Data excerpts
== == ==

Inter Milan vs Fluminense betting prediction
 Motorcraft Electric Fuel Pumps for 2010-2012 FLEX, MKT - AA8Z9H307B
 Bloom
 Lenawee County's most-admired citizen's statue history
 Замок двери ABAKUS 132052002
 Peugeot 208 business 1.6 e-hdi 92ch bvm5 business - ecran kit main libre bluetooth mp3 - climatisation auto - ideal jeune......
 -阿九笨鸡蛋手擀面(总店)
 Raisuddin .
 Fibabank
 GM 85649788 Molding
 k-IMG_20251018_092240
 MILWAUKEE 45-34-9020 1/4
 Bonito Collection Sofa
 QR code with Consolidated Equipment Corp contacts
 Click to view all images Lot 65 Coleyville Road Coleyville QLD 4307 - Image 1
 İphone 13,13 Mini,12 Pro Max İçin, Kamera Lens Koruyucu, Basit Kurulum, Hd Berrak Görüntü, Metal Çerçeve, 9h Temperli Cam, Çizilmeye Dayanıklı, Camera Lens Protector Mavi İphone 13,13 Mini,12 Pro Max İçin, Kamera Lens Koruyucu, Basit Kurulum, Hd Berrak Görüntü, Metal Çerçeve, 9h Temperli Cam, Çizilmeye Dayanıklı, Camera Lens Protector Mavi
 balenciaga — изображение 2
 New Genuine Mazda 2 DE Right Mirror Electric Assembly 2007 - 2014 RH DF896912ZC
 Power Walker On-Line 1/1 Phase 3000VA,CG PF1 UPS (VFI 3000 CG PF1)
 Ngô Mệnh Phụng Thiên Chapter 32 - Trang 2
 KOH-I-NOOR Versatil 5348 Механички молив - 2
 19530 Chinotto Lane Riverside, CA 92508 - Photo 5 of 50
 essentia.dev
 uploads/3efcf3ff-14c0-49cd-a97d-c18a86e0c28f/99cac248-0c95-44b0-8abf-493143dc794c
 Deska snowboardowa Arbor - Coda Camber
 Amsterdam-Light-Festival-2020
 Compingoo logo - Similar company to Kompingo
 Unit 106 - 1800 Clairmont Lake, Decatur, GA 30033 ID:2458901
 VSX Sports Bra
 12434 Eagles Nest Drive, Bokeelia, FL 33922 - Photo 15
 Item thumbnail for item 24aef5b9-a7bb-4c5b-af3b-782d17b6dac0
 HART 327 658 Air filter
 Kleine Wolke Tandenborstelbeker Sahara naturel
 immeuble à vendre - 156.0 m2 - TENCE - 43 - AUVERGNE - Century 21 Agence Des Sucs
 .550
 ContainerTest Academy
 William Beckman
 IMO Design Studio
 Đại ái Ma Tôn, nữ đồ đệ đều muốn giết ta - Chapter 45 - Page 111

== == ==

• [Exercise instructions]:
An exact copy of the lines above, from the one containing "Bonito Collection Sofa" through the one containing "HART 327 658 Air filter", is the whole of the answer.

• [Answer]:
 Bonito Collection Sofa
 QR code with Consolidated Equipment Corp contacts
 Click to view all images Lot 65 Coleyville Road Coleyville QLD 4307 - Image 1
 İphone 13,13 Mini,12 Pro Max İçin, Kamera Lens Koruyucu, Basit Kurulum, Hd Berrak Görüntü, Metal Çerçeve, 9h Temperli Cam, Çizilmeye Dayanıklı, Camera Lens Protector Mavi İphone 13,13 Mini,12 Pro Max İçin, Kamera Lens Koruyucu, Basit Kurulum, Hd Berrak Görüntü, Metal Çerçeve, 9h Temperli Cam, Çizilmeye Dayanıklı, Camera Lens Protector Mavi
 balenciaga — изображение 2
 New Genuine Mazda 2 DE Right Mirror Electric Assembly 2007 - 2014 RH DF896912ZC
 Power Walker On-Line 1/1 Phase 3000VA,CG PF1 UPS (VFI 3000 CG PF1)
 Ngô Mệnh Phụng Thiên Chapter 32 - Trang 2
 KOH-I-NOOR Versatil 5348 Механички молив - 2
 19530 Chinotto Lane Riverside, CA 92508 - Photo 5 of 50
 essentia.dev
 uploads/3efcf3ff-14c0-49cd-a97d-c18a86e0c28f/99cac248-0c95-44b0-8abf-493143dc794c
 Deska snowboardowa Arbor - Coda Camber
 Amsterdam-Light-Festival-2020
 Compingoo logo - Similar company to Kompingo
 Unit 106 - 1800 Clairmont Lake, Decatur, GA 30033 ID:2458901
 VSX Sports Bra
 12434 Eagles Nest Drive, Bokeelia, FL 33922 - Photo 15
 Item thumbnail for item 24aef5b9-a7bb-4c5b-af3b-782d17b6dac0
 HART 327 658 Air filter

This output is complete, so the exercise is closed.